SLIPPERY ROCK, Pa. - A mosaic of Slippery Rock University student paintings, drawings, ceramics and multimedia art will be displayed and offered for sale during the Nov. 18-22 Student Art Sale in SRU's Martha Gault Gallery in Maltby Center. Artworks are being collected through today and will be set up this weekend.
"Art students submit all kinds of art, including two-dimensional and three-dimensional," said Barbara Westman, associate professor of art. "Over the past years students sold many of their artworks to people in the SRU community, students, faculty and staff. It is a great opportunity for our students to make some money selling their art."
Based on previous years, Westman said, pieces should sell for $5 to $50. The Martha Gault Art Society, which sponsors the sale, takes a 10 percent commission from members and 20 percent from non-members, she said.
"Students usually are happy with the number of pieces sold," Westman said.
Students selected which of their works to sell and are required to set them up in the gallery.
Artists said the sale gives them a chance to tell their story and show their artistic calling.

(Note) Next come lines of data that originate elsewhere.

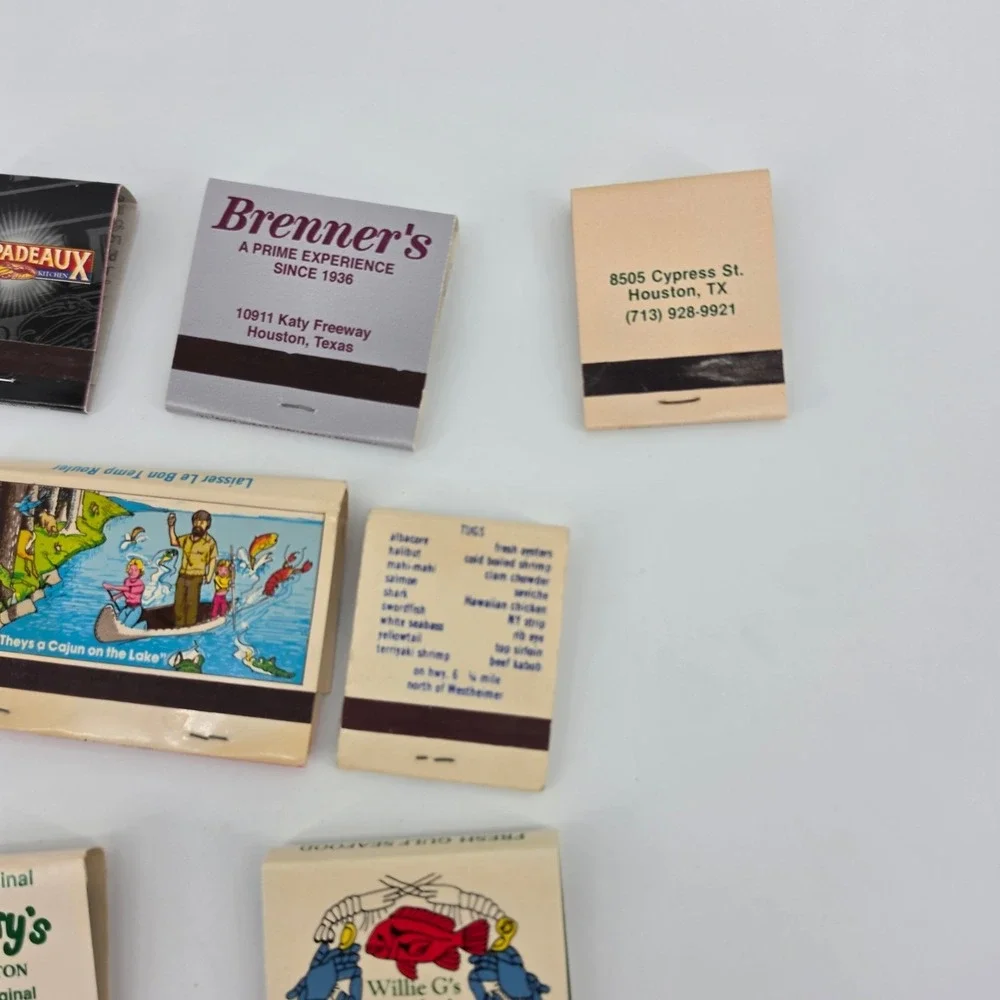 Vintage Texas Restaurant Matchbook Lot 10pc Houston Pappadeaux Kirbys Brenners
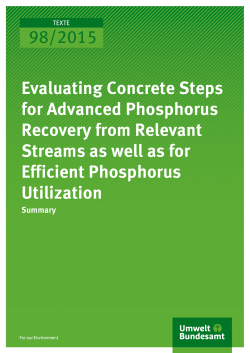 Evaluating Concrete Steps for Advanced Phosphorus Recovery from
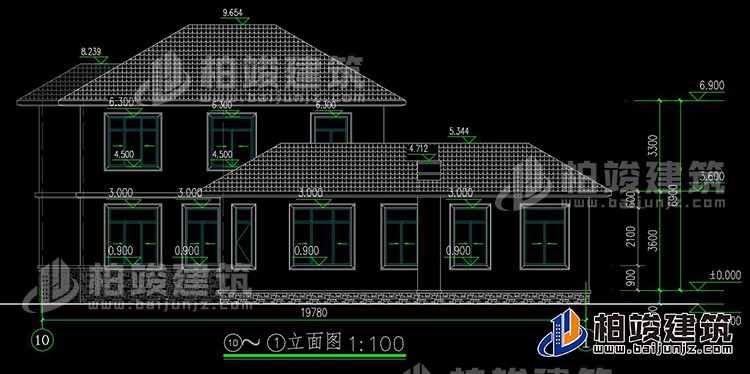 二層簡歐農村別墅帶雙車庫施工效果圖紙全套 造價30萬BZ263-簡歐風格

"Selling artwork is more than making some extra cash," said Santana Woodring, an art major from Ridgeway who creates figure studies in marker. "It is a chance to spread your ideas and share your visual philosophy with one or possible many persons. Similar to a writer, a visual artist has stories to tell." Woodring said her story, like many artists, is one of personal experiences, triumphs and losses. "It is important for an artist to show and sell work to bring about career advancement and validity to the artwork," she said. "This demonstrates that people in the past have agreed with ideas presented to them."
She said the SRU art department has a wonderful team of professors who help students begin to build a resume of art exhibitions and a top-notch portfolio.
"Students made paintings this semester that are now in a show titled 'Three X Three' in Plano, Texas," she said. "So, making work is only the beginning. Showing and selling work is what determines who defines you as an artist, and what you define as art." Students put finishing touches on their work this week in Art Building I, while Heather Hertel, SRU assistant professor of art, talked about the sale during her "Upper Level Painting" class.
Mauricia Torres, an art major from New Castle and student in Hertel's class, worked on a watercolor Wednesday. She said she would display pieces from a watercolor sketchbook she has been working on six months. "For me personally, the sale is about the exposure it provides," she said. "This is what some of us have chosen to dedicate our lives to and being able to connect with people by selling your art is a big part of that." Torres said art has been a passion for her since childhood. She hopes to teach art and creative drama and continue producing intermedia art, which uses the arts to address human social causes.
"Art has always been a constant in my life," she said. "Visual art appeals to me in particular because I like to know that whether I'm in Slippery Rock or the Himalayas I can still bring something beautiful into the world.
She said SRU art professors give students room to develop as artists. "For those just starting out in art, they are given pretty solid ground work," she said. "For the rest who've been practicing in a specific medium for awhile they're given criticism, feedback, and a wealth of information to help them progress to the next level." Hours for the Student Art Sale are noon to 5 p.m.